Today is World Water Day and the all familiar phrase, ‘water is life’ may come to mind. This year, the focus is about “accelerating change to solve the [global] water and sanitation crisis”.
The United Nations (UN) states that we have a “lifetime opportunity to enable water, sanitation and hygiene for all”. They also stress that “dysfunction throughout the water cycle undermines progress on all major global issues, from health to hunger, gender equality to jobs, education to industry, and disasters to peace.”
It is with that concern that the United Nations Water Conference will stress the importance of radically accelerate actions to make water, sanitation, and hygiene (WASH) a reality for all.
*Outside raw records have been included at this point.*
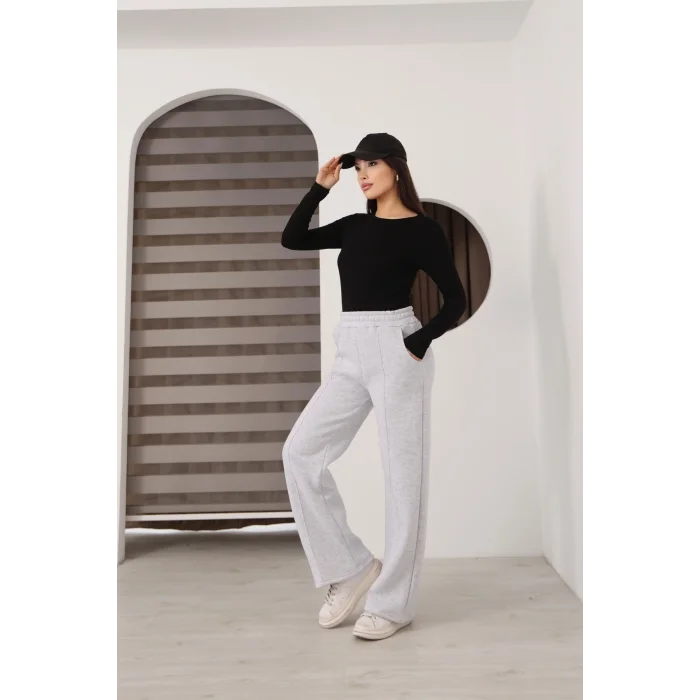 Kadın üç iplik Şardanlı bol paça eşofman altı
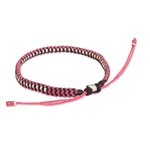 Silver accent braided bracelet, 'Pink Maroon Progression' - Pink and Maroon Wristband Bracelet with Silver Beads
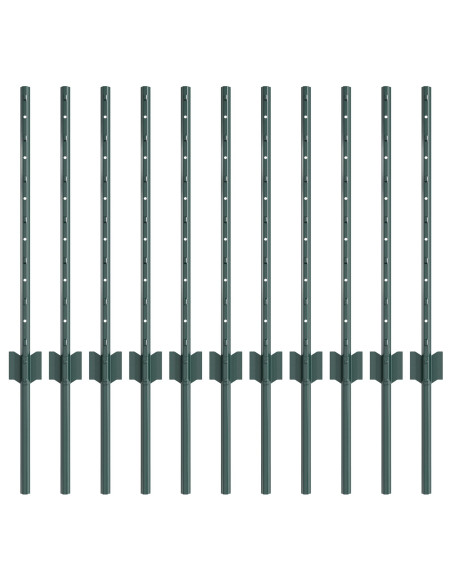 Pali di Recinzione 11 pcs Canale a U Verde 60 cm Acciaio
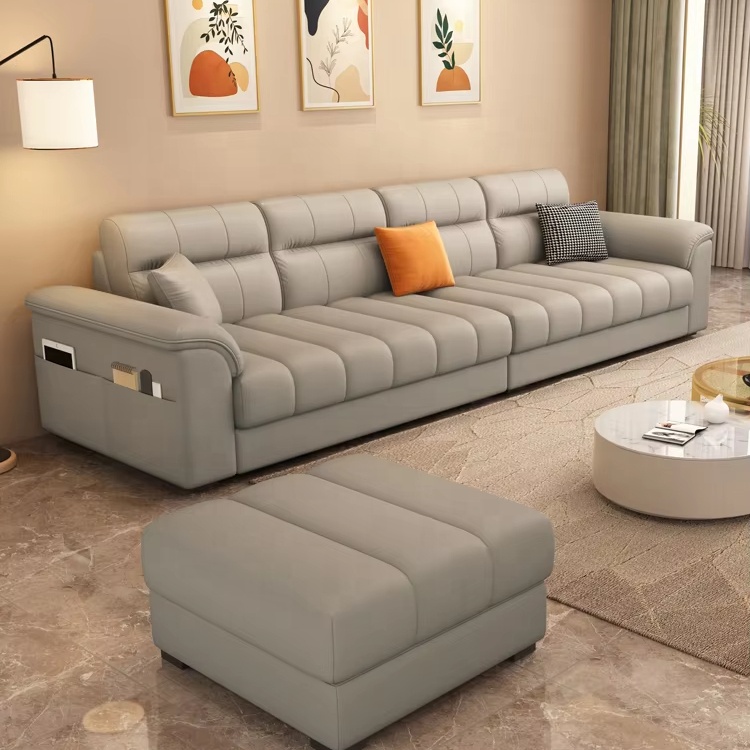 Customizable Multi-Person Three Seat Sofa Set Family-Friendly Living Room Furniture for Apartment Use Made of Durable Leather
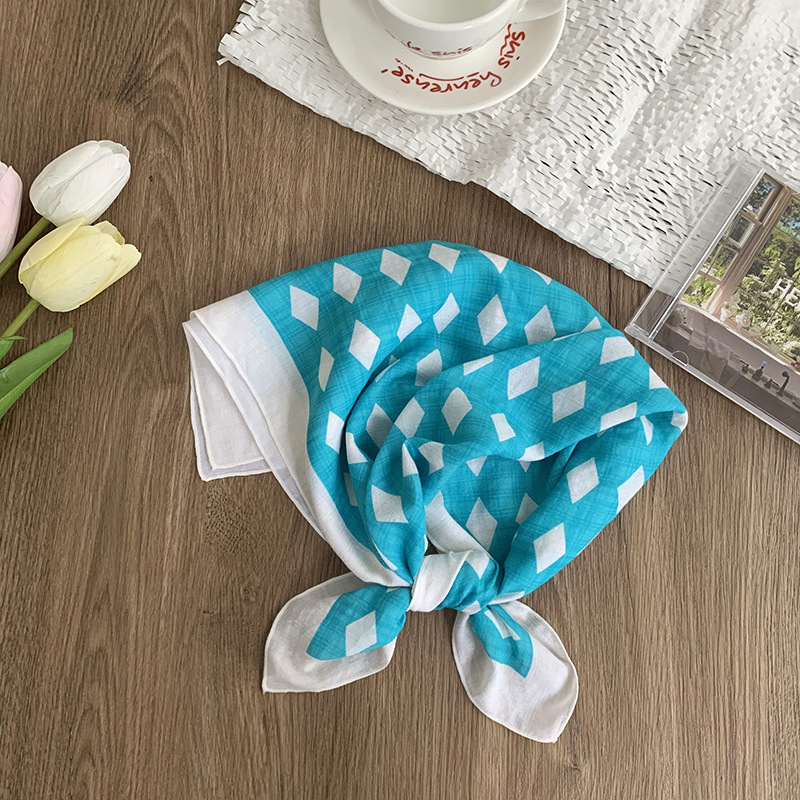 55 pañuelo japonés de algodón y lino, bufanda de seda floral de todo fósforo de verano y otoño, bufanda cuadrada pequeña con cuello, bufanda decorativa fresca fina para mujer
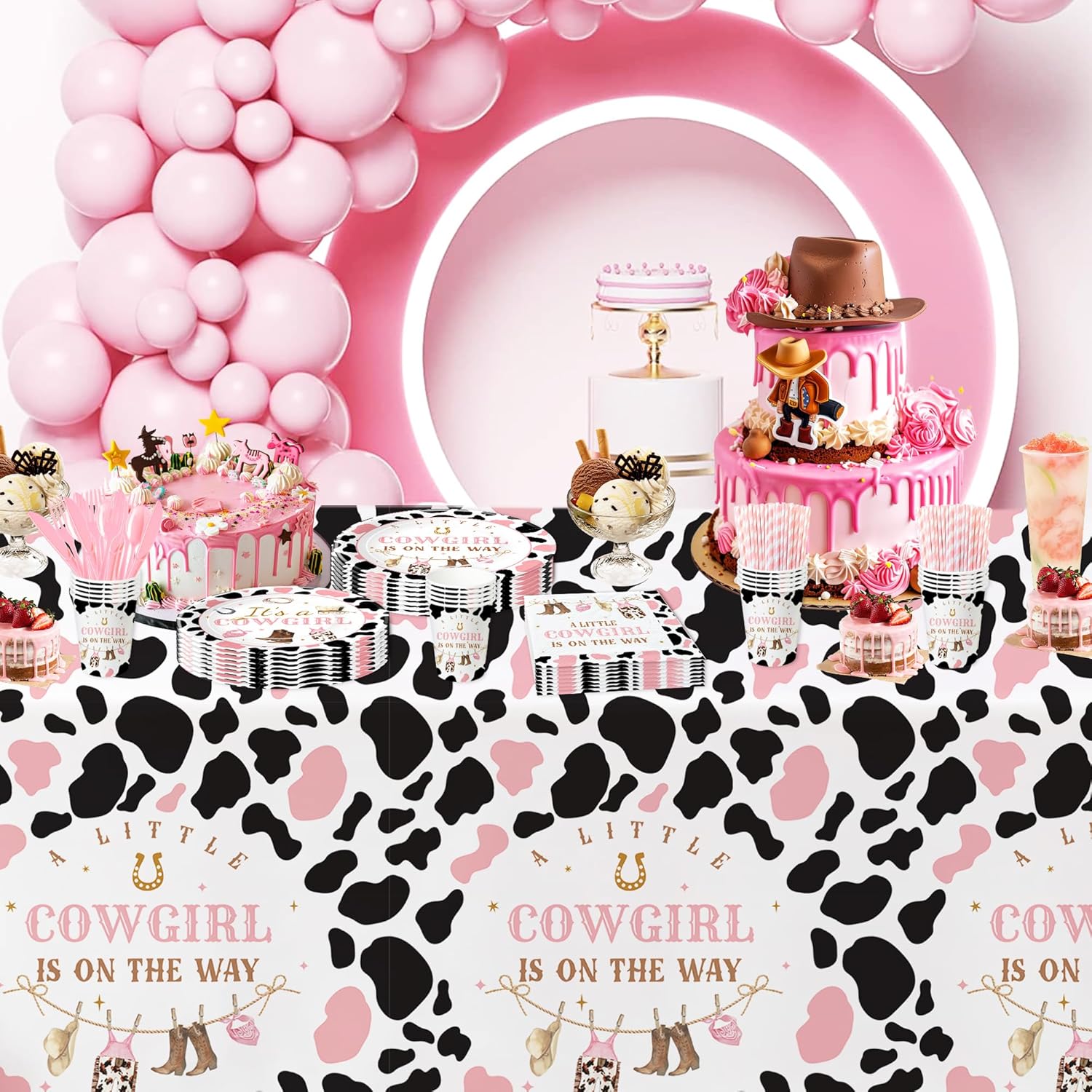 Xigejob Western Cowgirl Baby Shower Tablecloths - 3 Pack
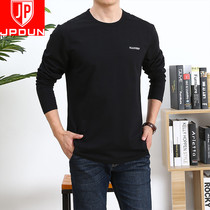 Mens long sleeve T-shirt male pure color round collar compassionate beat undershirt Spring and autumn dress trendy male blouse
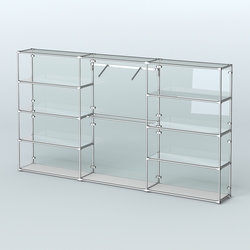 Торговая система ХРОМ (задняя стенка - стекло) 3600 мм с зеркальными полками и поручнями №9, Серый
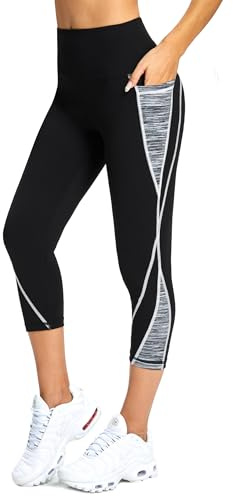 Flatik Pantalon de sport 3/4 pour femme, leggings opaque pour femme, leggings de sport pour femme 3/4, pantalon de fitness pour femme, leggings de course pour femme, Gris et blanc., XL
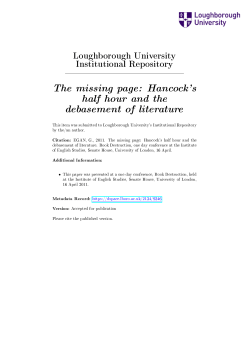The missing page: Hancock`s half hour and the debasement of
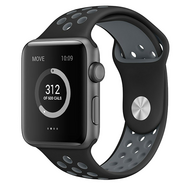 Sportbandje - Maat: M/L - Zwart + Grijs - Geschikt voor Apple watch 38mm / 40mm / 41mm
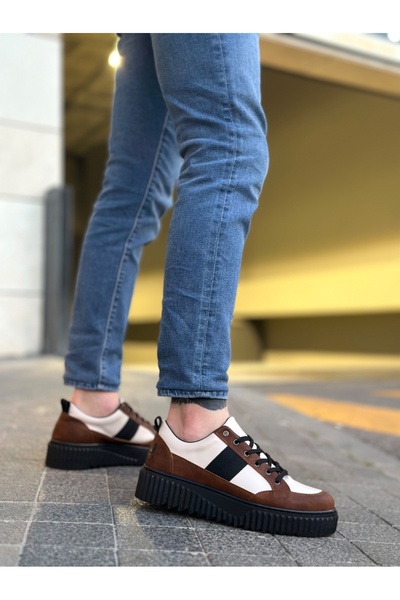 BOA BA0804 BOA High Black Sole Coffee Detailed Lace-up Men's Shoes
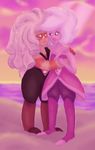  2017 alien beach cartoon_network fusion gem gem_(species) hair humanoid itoruna jasper_(steven_universe) not_furry pink_diamond_(steven_universe) pink_hair pink_skin rose_quartz_(steven_universe) seaside smile steven_universe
The conference, being held today (March 22), for the first time in nearly 50 years will focus “on [the] accelerated implementation and improved impact towards achieving sustainable development goal (SDG) 6 and other water-related goals and targets.
The UN highlights that “the existing and future challenges in the field of water require innovative and transformative ideas and a ‘beyond business as usual’ approach”.
JOINT STATEMENT FROM WHO AND UNICEF
In a joint statement issued by the World Health Organization (WHO) and the United Nations Children’s Fund (UNICEF), they state that “around the world, two billion people lack safe drinking water and 3.6 billion people, almost half the world’s population, use sanitation services that leave human waste untreated.
The two organisations state that millions of children and families do not have adequate WASH services including soap to wash their hands: the consequences, of which, can be deadly.
WHO and UNICEF shared that at least 1.4 million people, many of who are children, die from preventable causes linked to unsafe water and poor sanitation each year. Cholera, for example, is spreading in countries that have not had outbreaks in decades.
“Half of all health care facilities, where proper hygiene practices are especially critical, lack water and soap or alcohol-based hand sanitising solution,” the two entities said in their joint statement. “The social and economic consequences of inadequate water and sanitation services are also devastating. Without these critical services, people fall ill,” they continued, pointing out that children, especially girls often miss out on learning, and entire communities get displaced by water scarcity.
ACCESS TO SAFE WATER
In addressing the benefits of accessing safe water and sanitation, WHO and UNICEF state that they “are key to [the] healthy development in children and for sustaining [the] well-being [of] adults”. The joint statement also highlighted that safe water and sanitation “offer a pathway to broader social and economic progress by supporting community health and productivity.”
“All of us have the right to safe water, proper sanitation and hygiene, yet so many go without. Collectively, the world needs to at least quadruple the current rates of progress in order to achieve universal access to safely managed WASH services by 2030. Progress needs to be even faster in fragile contexts and the poorest countries, to protect people’s health and futures,” the joint statement stressed.